Sloan will not inherit the company’s chairmanship. That role will go to former General Mills executive Stephen Sanger, now the company’s lead independent director. Critics of the bank had called not only for Stumpf’s resignation but for the bank to separate the CEO and chairman roles.
In after-hours trading, investors reacted positively to the news, sending shares up 1.65% to $46.07. Shares had been off nearly 9% since the day before the $185-million settlement was disclosed last month.
In an interview with The Times on Wednesday, Sloan said it is “a privilege” to take over as CEO, though he acknowledged that he is taking over at a difficult time.
“Our reputation has been impacted by some of the mistakes we made in our retail banking business,” said Sloan, who has been with the bank for 29 years. “We’ll regain our customers’ trust and continue to grow.”
He said he’s not sure how long that will take. “I wish it could be a week from now,” he said, adding that it will more likely be a process that takes at least months if not years.
In an earlier interview on CBNC, Sloan said the last five weeks have tainted the bank’s reputation. But regulators say bad practices at the bank went on for years.
Sloan told The Times he was not trying to minimize the scope of the scandal.
“I don’t mean to downplay that at all,” he said. “I don’t mean to minimize the impact. But the changes we’ve made, I think, are working.”
Sloan also said that Stumpf was not pushed out. The Wall Street Journal and New York Times reported that he submitted his resignation in a brief and unexpected letter to the board Wednesday, just two days before a quarterly earnings call Stumpf was expected to lead.
“This was a decision made by John Stumpf,” Sloan said. “He wasn’t fired, he wasn’t asked to leave. He decided it was in the best interest of the company to retire.”
Sloan, who lives in San Marino but also owns a residence in San Francisco, said he plans to continue to split his time between the two.
Though the bank’s critics had called for Stumpf to resign weeks ago, Wednesday’s announcement did little to satisfy them. In fact, some immediately raised questions about Sloan’s possible connection to the scandal.
“Mr. Stumpf’s retirement does nothing to answer the many questions that remain,” said Sen.
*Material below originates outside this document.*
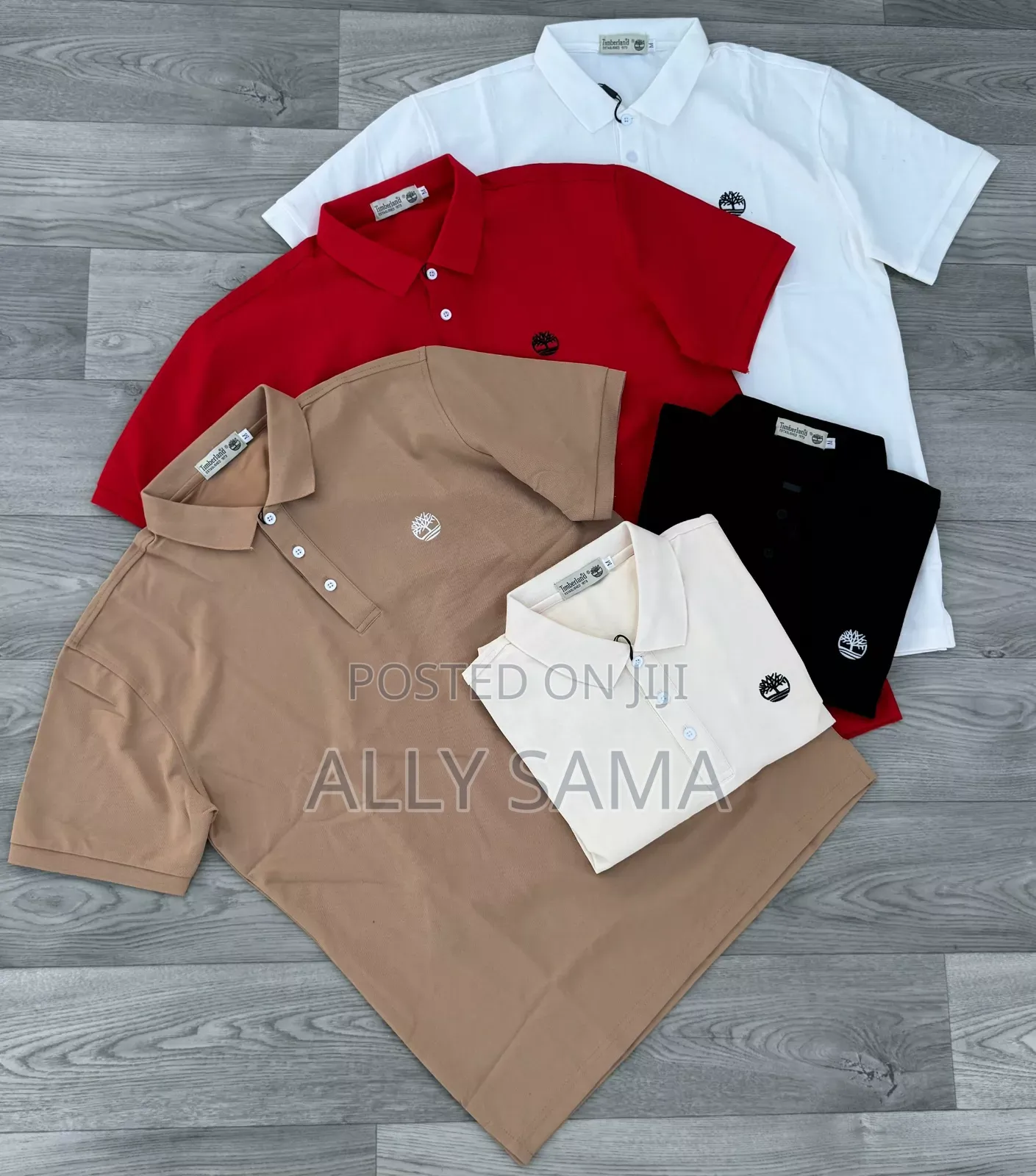 Mens Tshirt Form6 Material Polycotton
Sherrod Brown (D-Ohio), who harshly criticized Stumpf last month at a meeting the Senate Banking Committee held on the Wells Fargo scandal.
“We are still waiting for answers as to how Wells Fargo plans to right its wrongs against customers and the low-paid employees who weren’t given the benefit of a retirement package when they were fired for refusing to cheat,” he said.
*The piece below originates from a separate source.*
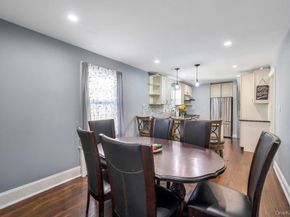 2478 Loft Avenue, Baldwin NY 11510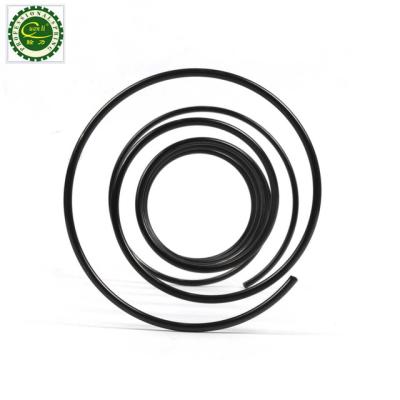 China Coil Coil Springs Sofa Coil Springs /Biconic Spring /spiral Spring For Sofa for sale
Rep. Maxine Waters (D-Los Angeles), called it “more than appropriate” that Stumpf retire given his direct responsibility” for failing to stop fraudulent activity at the bank. But she questioned whether Sloan was the right person to replace him.
“I remain concerned that incoming CEO Tim Sloan is also culpable in the recent scandal, serving in a central role in the chain of command that ought to have stopped this misconduct from happening. Indeed, as recently as June of this year, Mr. Sloan was telling the news media that Wells Fargo’s aggressive cross-selling strategies were fundamentally sound and didn’t need to change,” she said in a statement.
Paulina Gonzalez, executive director of banking advocacy group California Reinvestment Coalition, said she wants to ensure there are “criminal investigations for anybody involved in the scandal” and also questioned Sloan’s appointment given his tenure at the bank.
Carrie Tolstedt, the community banking executive who ran the division where much of the unauthorized accounts activity took place, reported to Sloan after he was named president last year.
“We have a lot of questions for Mr. Sloan,” Gonzalez said. “He was there for the entirety of the accounts scandal.”
Stumpf had said he intended to stay at his post, telling members of the House Financial Services Committee investigating the matter on Sept. 29 that he was “accountable for leading Wells Fargo as the company restores the trust of customers, team members and investors.”